[Collected data entries]
______
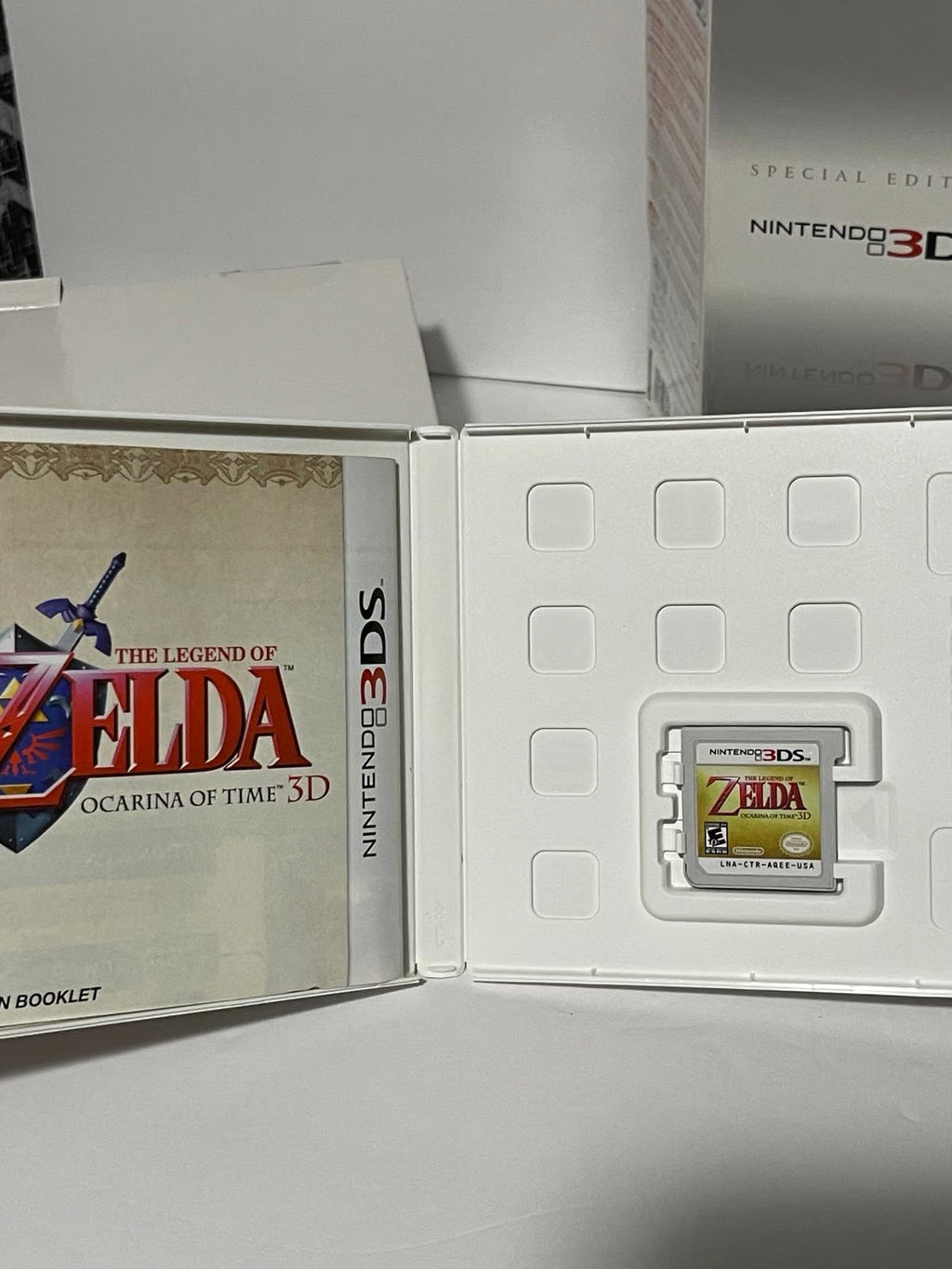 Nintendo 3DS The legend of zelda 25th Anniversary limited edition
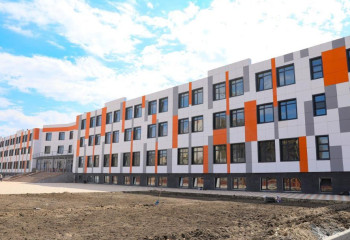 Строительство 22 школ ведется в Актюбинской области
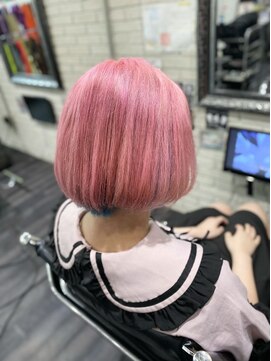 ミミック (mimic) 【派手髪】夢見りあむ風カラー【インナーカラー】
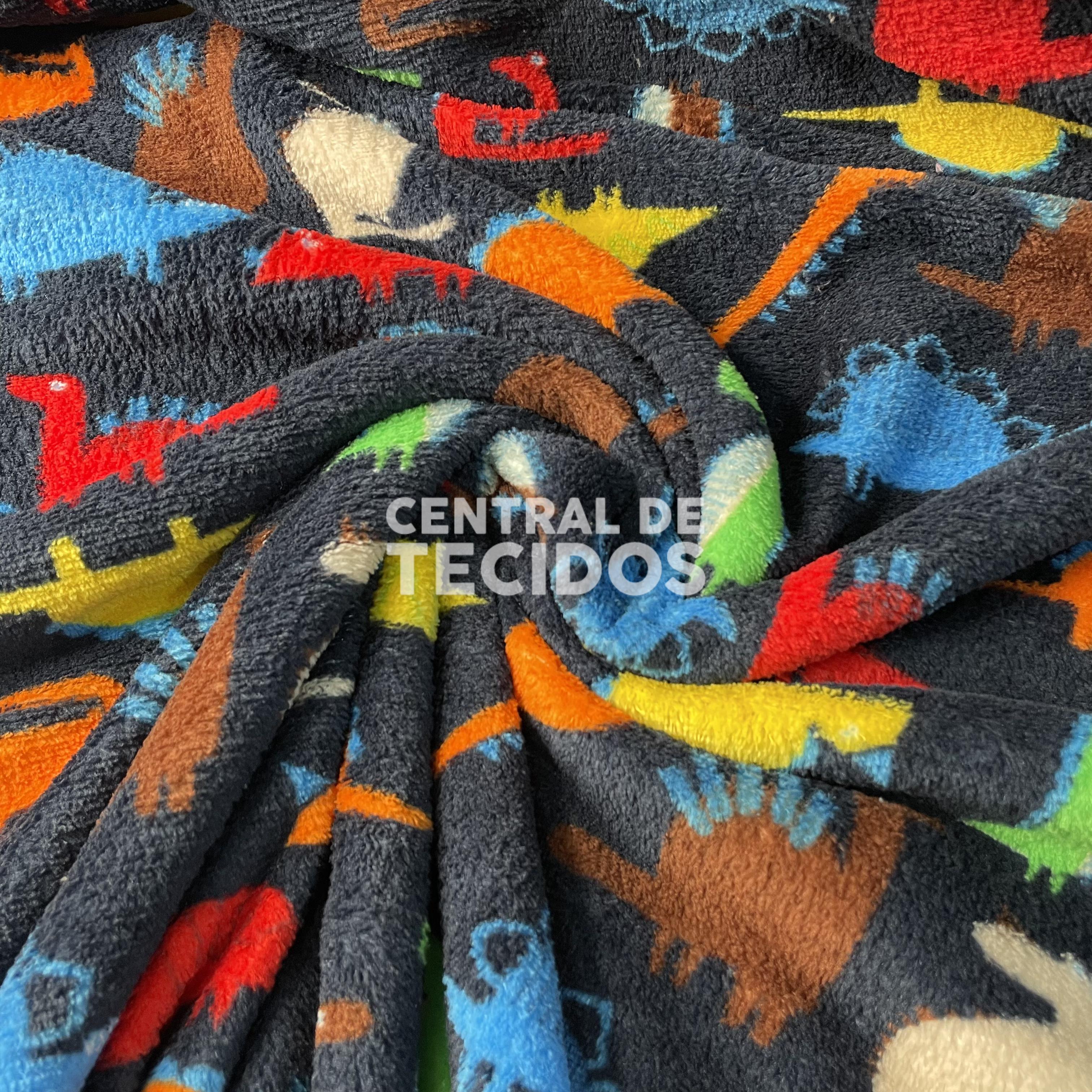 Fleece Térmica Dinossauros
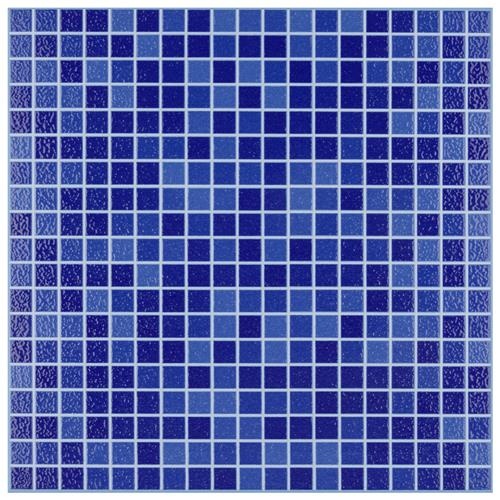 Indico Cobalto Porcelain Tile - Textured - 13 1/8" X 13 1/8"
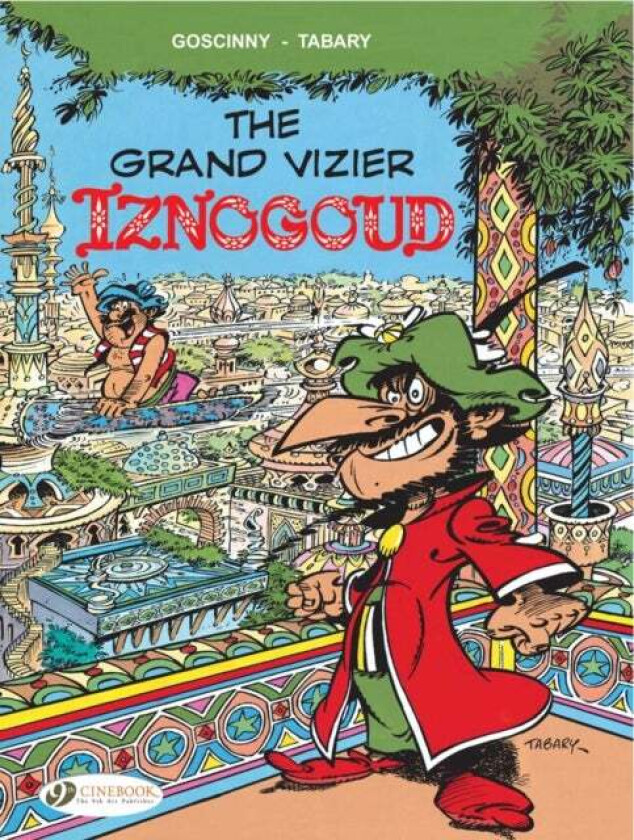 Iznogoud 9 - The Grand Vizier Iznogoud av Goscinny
______
Assigned task: Only the lines from the line with "Fleece Térmica Dinossauros" to the end of the records should be repeated, exactly and without pictures.

Output of the exercise:
 Fleece Térmica Dinossauros
 Indico Cobalto Porcelain Tile - Textured - 13 1/8" X 13 1/8"
 Iznogoud 9 - The Grand Vizier Iznogoud av Goscinny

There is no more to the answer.